Your instructions —
Only the pictures are to be omitted; every entry beneath should otherwise be duplicated exactly.

BEGIN

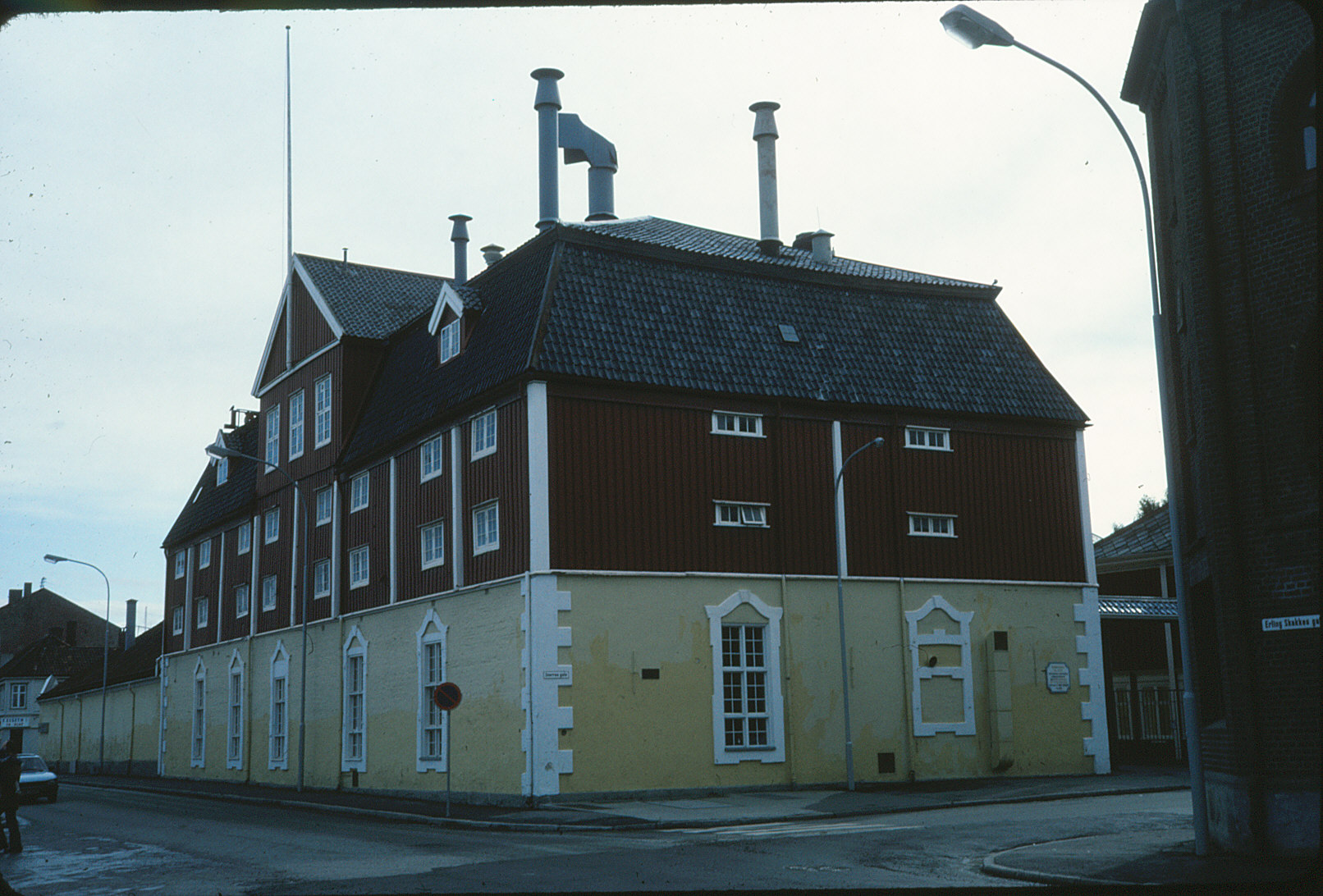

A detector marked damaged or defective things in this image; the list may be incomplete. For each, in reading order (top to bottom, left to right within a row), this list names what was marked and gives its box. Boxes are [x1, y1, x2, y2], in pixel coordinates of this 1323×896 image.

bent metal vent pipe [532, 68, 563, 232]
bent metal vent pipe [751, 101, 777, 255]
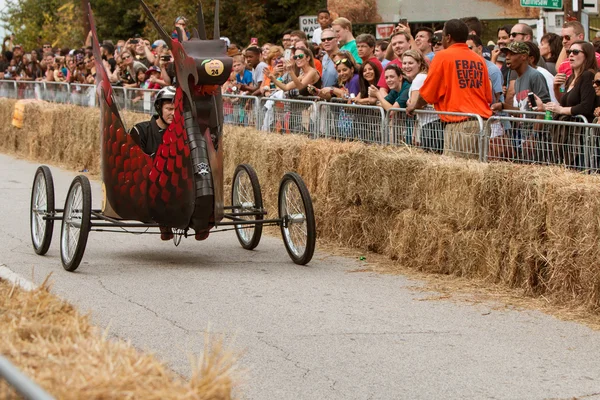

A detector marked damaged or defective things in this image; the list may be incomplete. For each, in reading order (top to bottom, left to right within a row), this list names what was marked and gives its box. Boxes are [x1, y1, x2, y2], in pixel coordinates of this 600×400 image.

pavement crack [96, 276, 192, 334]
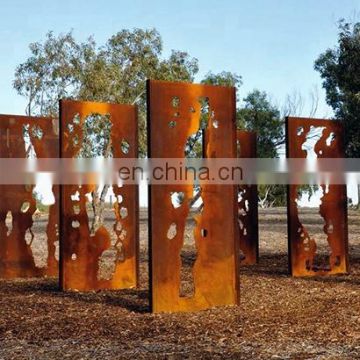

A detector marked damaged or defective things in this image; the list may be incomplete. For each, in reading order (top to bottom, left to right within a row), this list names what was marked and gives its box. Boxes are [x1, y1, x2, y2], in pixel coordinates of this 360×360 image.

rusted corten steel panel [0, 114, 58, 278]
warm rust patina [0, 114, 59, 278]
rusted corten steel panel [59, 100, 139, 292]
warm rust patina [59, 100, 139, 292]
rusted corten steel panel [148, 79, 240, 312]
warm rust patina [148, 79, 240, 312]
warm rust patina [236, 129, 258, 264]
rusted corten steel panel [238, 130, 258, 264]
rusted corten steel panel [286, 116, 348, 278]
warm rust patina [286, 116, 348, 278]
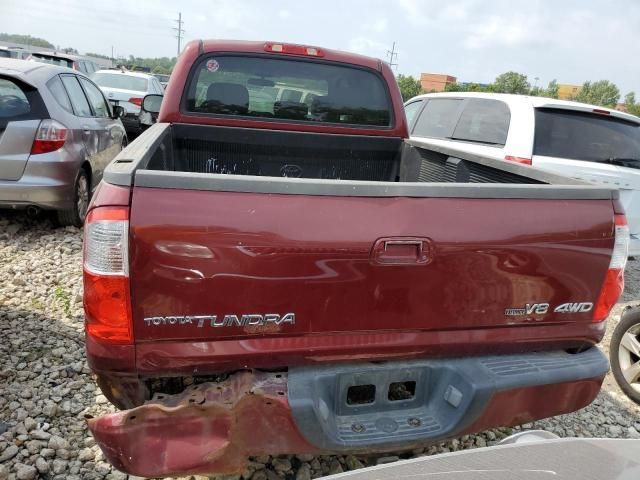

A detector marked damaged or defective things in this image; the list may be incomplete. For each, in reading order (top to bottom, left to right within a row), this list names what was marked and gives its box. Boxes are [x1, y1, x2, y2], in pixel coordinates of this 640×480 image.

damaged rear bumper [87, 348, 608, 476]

END

Answer below —
A detector marked damaged or defective things in this image; the list may be incomplete. For each, in reading order (top to bottom, left to right within a row), this list names what was marked and gives its box. Boxes are [x1, y1, x2, y2], in pixel coordinates of this 1323×896 image.

bent metal vent pipe [532, 68, 563, 232]
bent metal vent pipe [751, 101, 777, 255]

A detector marked damaged or defective things in this image; the list may be incomplete. For each, in reading order (top to bottom, left to right within a row), this list names what was marked and gives its box. Boxes are [x1, y1, x2, y2], in pixel coordinates of this 600×400 image.

pavement crack [96, 276, 192, 334]

A detector marked damaged or defective things in this image; the list may be incomplete. For each, in reading order (top to bottom, left to right within a row), this list names what was marked and gives its box. Boxes are [x1, y1, x2, y2], in pixel coordinates of this 360×360 image.

rusted corten steel panel [0, 114, 58, 278]
warm rust patina [0, 114, 59, 278]
rusted corten steel panel [59, 100, 139, 292]
warm rust patina [59, 100, 139, 292]
rusted corten steel panel [148, 79, 240, 312]
warm rust patina [148, 79, 240, 312]
warm rust patina [236, 129, 258, 264]
rusted corten steel panel [238, 130, 258, 264]
rusted corten steel panel [286, 116, 348, 278]
warm rust patina [286, 116, 348, 278]

A detector marked damaged or defective things in this image; the list may be incomplete. For each, in reading order (top to bottom, left to right within a row), this list names what was marked and gives its box. Boxes are [x1, y1, x2, y2], in pixel coordinates of this 640×480 image.

damaged rear bumper [87, 348, 608, 476]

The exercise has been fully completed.